When your subject search turns up a list of book titles, click on the title of a book similar to yours and scroll down to see the multiple LOC subject headings assigned to those books. If you find one that looks right, click on it to see how many books Gutenberg has on that subject. When you’re trying to decide if that subject term is too broad or too narrow to use, remember that Gutenberg has 70,000 books, more than three times the number now held by Librivox.
You can also find LOC subject headings by doing a title search at Open Library (openlibrary.org). They have entries both for books they have and books they don’t hold. Focus only on the books they hold in their collection.
When You’re Finished with Topics …
At the end, you should have 10, or nearly 10, topics. Namely: ‘librivox’, ‘audiobooks’, about 5 or 6 commonsense search terms (preferably multiple-word terms), and LOC subject headings for the remainder. And as mentioned above, if you have more than 10, add the extras to the Summary field.
If you add all these topics to the Topics and Summary fields, your audiobook has an excellent chance of being found by interested listeners for years to come.
See the Number of Views Each Day of any Librivox Audiobook
You can create a traffic report from Internet Archive for any audiobook for every date since Jan 1, 2017, and showing the total number of views before 2017. Here are the steps for making the report and putting the data into a spreadsheet for analysis.
- In the Internet Archive Librivox collection (https://archive.org/details/librivoxaudio) click on any book, including your own.
- In the metadata (lower) portion of the book’s page, scroll down to ‘Identifier‘. Copy the identifier.
- Paste the identifier at the end of https://be-api.us.archive.org/views/v1/long/ in the address bar of your browser and enter.
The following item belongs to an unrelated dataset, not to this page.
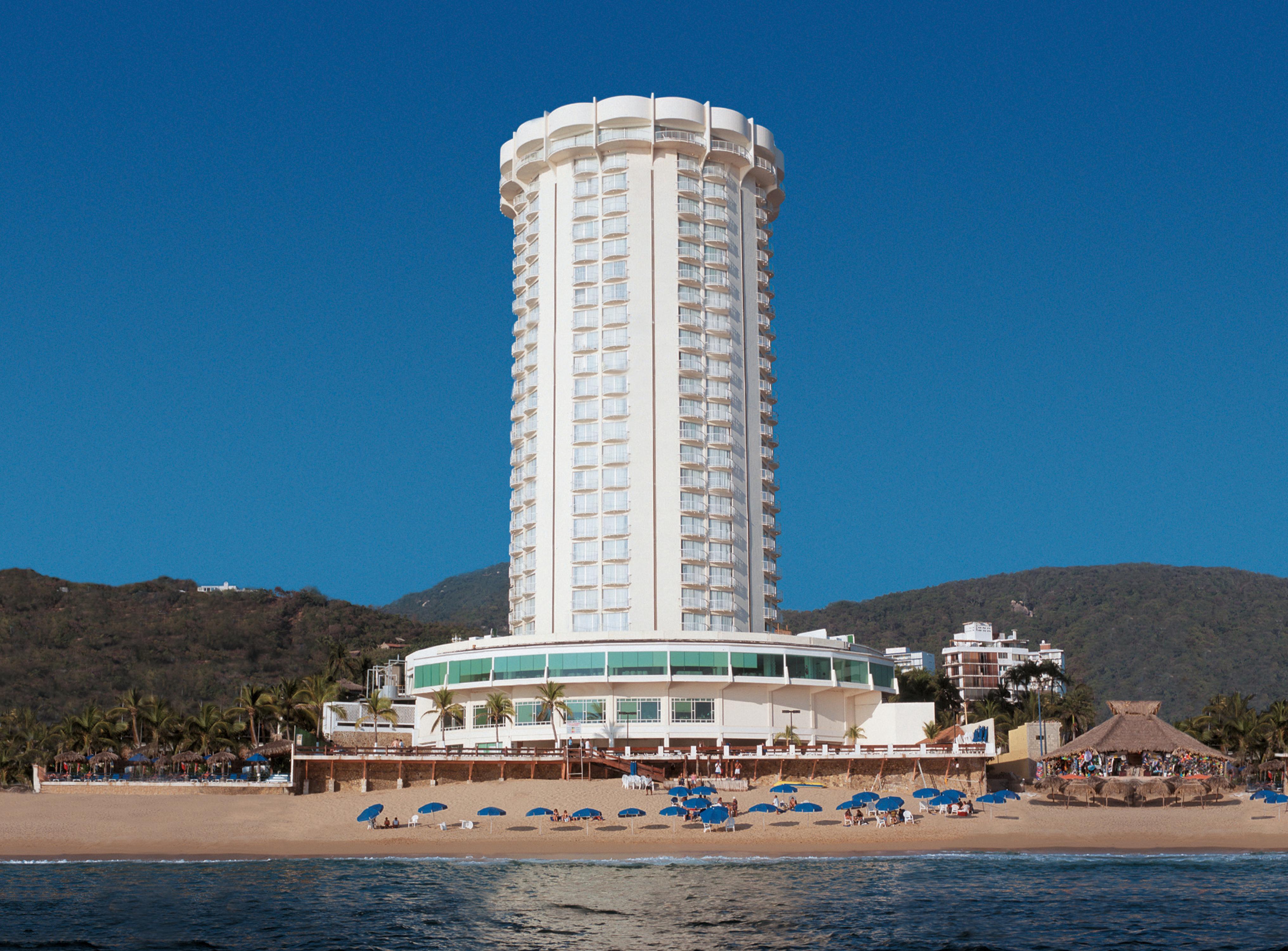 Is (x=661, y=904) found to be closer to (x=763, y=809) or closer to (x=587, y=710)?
(x=763, y=809)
- You’ll initially see a screen full of numbers. Wait 5 seconds and you’ll then see two columns of numbers and dates, starting with ‘0‘ and ‘2017-01-01‘. Make sure your screen is set to ‘JSON’ and ‘Expand All’.
- Copy and paste both columns into a spreadsheet, down to the most recent date. You’ll have more than 2,620 rows. Then (switching back to the report screen) roll them up by clicking on ‘days‘.
- Now you should see two columns of data, with headings ‘non_robot:‘ and ‘per_day‘. This is the main data you want, but before you copy it, we have to eliminate some data that is below this section.
- Scroll down past line 2620. These two columns of data end, followed by another set of headings, and the ‘per_day‘ column starts over at 0. There’s another heading of pre2017. Roll that up (click on the heading.) If the book was published before 2017, there is no day-by-day account available before 2017, but you’ll find a pre-2017 total here for the number of views. Make a note of that total.
- Then there’s a heading for ‘robot‘. Click it to roll that up.
- After ‘robot‘ you’ll see ‘unrecognized‘. These numbers appear to be valid. If you want accurate data, you need to add these to the non-robot figures, in the same way as in step 10. However, they are a fraction of the total, so you can roll this up if you’re mainly interested in seeing trends.
- You should be now viewing two columns of data for ‘non_robot‘ and ‘per_day‘. Copy the columns and paste into your spreadsheet, aligning day 0 in the same row as day 0 that is already in your spreadsheet.
- You should now have 4 columns of data in your spreadsheet with more than 2,620 rows. Two columns are duplicates, that show the day number assigned to each date. You can delete one of those columns, leaving you with 3 columns: a column showing a date, a column with a day number assigned to that date, and the number of views that day.
Congratulations! You now have your data where you can analyze and manipulate it as you wish.
Six Hares and a Turtle – A Story about Book Circulation
I used the Internet Archive’s report format (explained just above) to get viewing data for books published in 1 October and 3 October, 2017. The reports show the number of views every day for all the books. I put the data into a spreadsheet to see the trend in views over time.
The first 6 books followed a general trend, and the last was an exception to that trend. This sample of books is not large enough or random enough to accurately reflect the trends for all 19,000 books in the collection, but the data is of interest nonetheless.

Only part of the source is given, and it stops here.